Re: evaluation of logic as a representation for ontologies
Charles Petrie <petrie@informatik.uni-kl.de>
Date: Thu, 27 Aug 92 10:42:19 MET DST
From: Charles Petrie <petrie@informatik.uni-kl.de>
To: Tom Gruber <Gruber@sumex-aim.stanford.edu>
Cc: Shared KB working group <srkb@isi.edu>, huhns@mcc.com
Subject: Re: evaluation of logic as a representation for ontologies
Message-id: <9208271042.aa00608@inti.informatik.uni-kl.de>
Tom,
The examples you address suggest that, as usual, the problem is less
with the adequacy of the modeling language, than with agreement on the
domain semantics: even with a smallish niche like bibliographies. But
the problem is that no one is offering a bibliography service.
Folks are just not likely to agree upon an ontology in the abstract.
They may use an Internet service and Ontolinqua may be a good way to
formally describe the service so that it can be ported from one
machine to another rather than just used as a remote server. There is
a commitment to an ontology to the extent there is use of the service.

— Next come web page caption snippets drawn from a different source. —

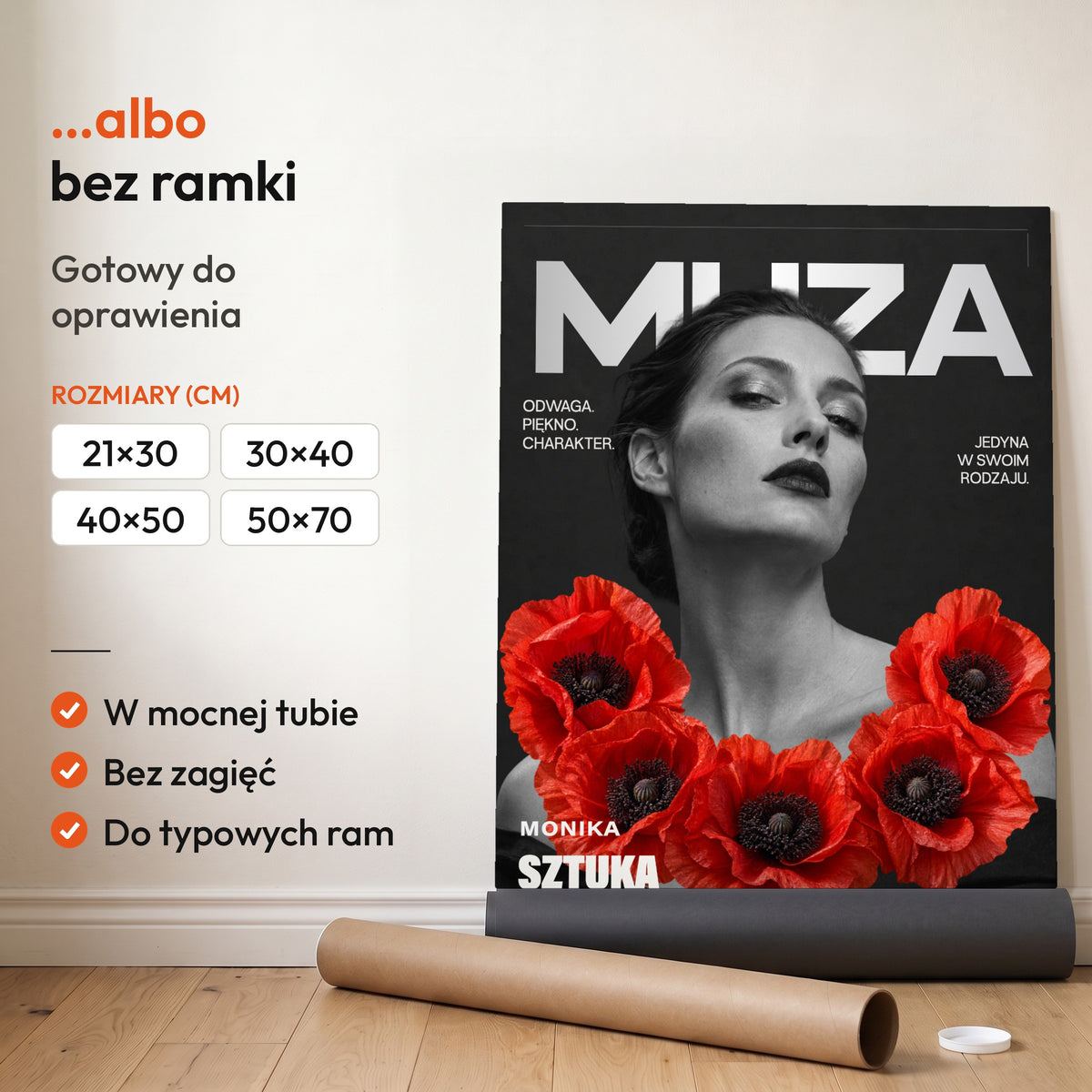 MUZA — plakat bez ramki, gotowy do oprawienia: rozwinięty z rolki, obok tuba do wysyłki. C-PL-COVMAG-43-2130-NF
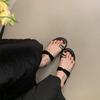 Niche Metal Set Toe Slippers Women's Outer Wear Summer New Korean Simple Casual Flat Sandals Seaside Beach Shoes
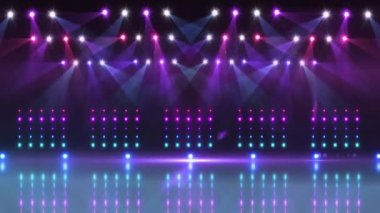 Işık noktalarının üzerindeki sahnenin animasyonu. Parti, kutlama ve dijital arayüz kavramı dijital olarak oluşturuldu.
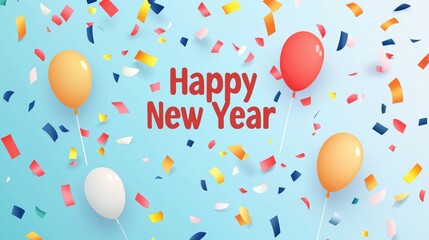 Vibrant New Year Celebration with Tricolor Confetti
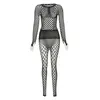 2023 Women pants Spring Women's New Fishing Net Perspective Hollow High Waist Tight Pants Set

None of this directly addresses the crucial problem of merging
software, which Bob Neches raised, again. But, it does address this
problem indirectly.
Pick a university that has an expert systems class. Every year, say,
fifty student expert systems get built. Say, five of them are on
agricultural management. Over ten years, we get fifty expert systems
on various aspects farm management, perhaps in the same language. Is
there any hope of combining these fifty into a network that comprises
a super farm management system? Rhetorical question.

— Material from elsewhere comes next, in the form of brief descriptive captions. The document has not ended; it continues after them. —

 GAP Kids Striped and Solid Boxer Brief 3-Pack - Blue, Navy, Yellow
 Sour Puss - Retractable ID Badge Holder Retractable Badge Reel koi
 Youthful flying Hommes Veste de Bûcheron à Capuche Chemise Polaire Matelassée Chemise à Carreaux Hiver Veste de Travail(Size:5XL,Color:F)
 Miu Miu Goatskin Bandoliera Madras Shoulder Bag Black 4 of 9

So the hope of Ontolinqua, perhaps, is that each expert system author
could, in principle, describe his ontological commitments in
Ontolinqua, thereby facilitating cross-system inferences. In such a
scenario, the best that can be hoped for is that Ontolinqua
descriptions would expose the conflicts between the definitions in the
existing systems. Such a partial solution is useful. For example,
Ontolinqua might be a useful tool in integrating/federating enterprise
models. Has this been tried? (Could two IDEF users use Ontolinqua?)*
Ontolinqua will provide a "complete" solution for future systems to
the extent that person 1 will use it to describe his/her current
system and person 2 will use that description to guide his/her
construction of the next system. Apart from the obstacles of tool
properties (e.g., adequacy, ease-of-use), why would person 2 do so?
Not because he/she wants to avoid the bother of reconstructing the
ontology. Every programmer knows that it's easier to write the program
>From scratch than really understand what someone else has done.
Besides they can always do a better job. And the new task is a little
different. And... For that matter, why should person 1 go to the
trouble?
One possible reason is that the system from person 1 provides an
service S1. Person 2 wants service S2 to use S1, or part of it, as a
utility.** Whatever the motivation for offering (Internet or local)
services, Ontolinqua might be a good way to describe services for
reuse. However, such a scenario makes it clear that Ontolinqua alone
is not sufficient. There must be a way of advertising services and
making them available as severs. Then there is a motivation, and a
way, to share ontologies.
Charles
* In the Enterprise Modeling conference in June at Hilton Head, the
"traditional" enterprise modeling people came to the startling
conclusion that the reason enterprise models were always "shelfware"
(much less integrated), was because they were not written to be used!
One of this subgroup's resolutions was to emphasize that enterprise
models should be built with some _use_ in mind. Models should be able
to make inferences from domain knowledge and answer questions. This
was a radical breakthrough for them. I suggested that they look at
expert system technology, which was also a new thought. On the other
hand, there was some evidence that users already found IDEF0 too
complex. Sigh.
** Reuse of software is a different problem from that of coordinating
heterogeneous systems to accomplish a task, ala SHADE and PACT, in
which the systems need to agree to some extent upon the current state
of computation. But we need to think about the relationship between
the problems, especially with respect to design rationales.